| TO DO |
Below are the records; repeat exactly their lines between the line holding "Hipopotame dans le" and the line holding "野菜万菜！！～白菜～（平成29年11月）", inclusive, skipping the pictures.

-- TASK INPUTS follows --

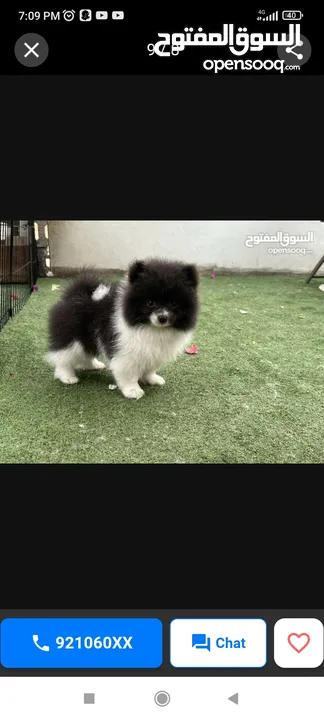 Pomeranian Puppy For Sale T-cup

-- TASK INPUTS concluded --
-- TASK INPUTS follows --

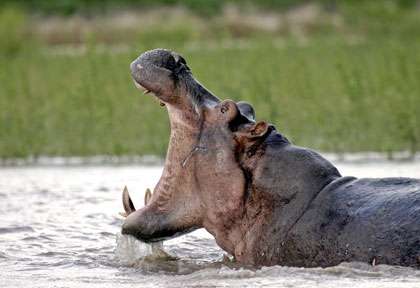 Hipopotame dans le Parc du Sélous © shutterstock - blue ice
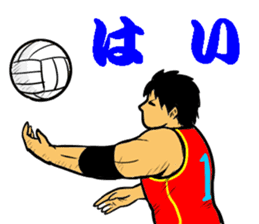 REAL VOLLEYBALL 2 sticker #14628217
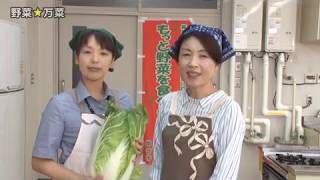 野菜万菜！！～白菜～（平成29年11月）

-- TASK INPUTS concluded --

| ANSWER TO THIS TASK |
 Hipopotame dans le Parc du Sélous © shutterstock - blue ice
 REAL VOLLEYBALL 2 sticker #14628217
 野菜万菜！！～白菜～（平成29年11月）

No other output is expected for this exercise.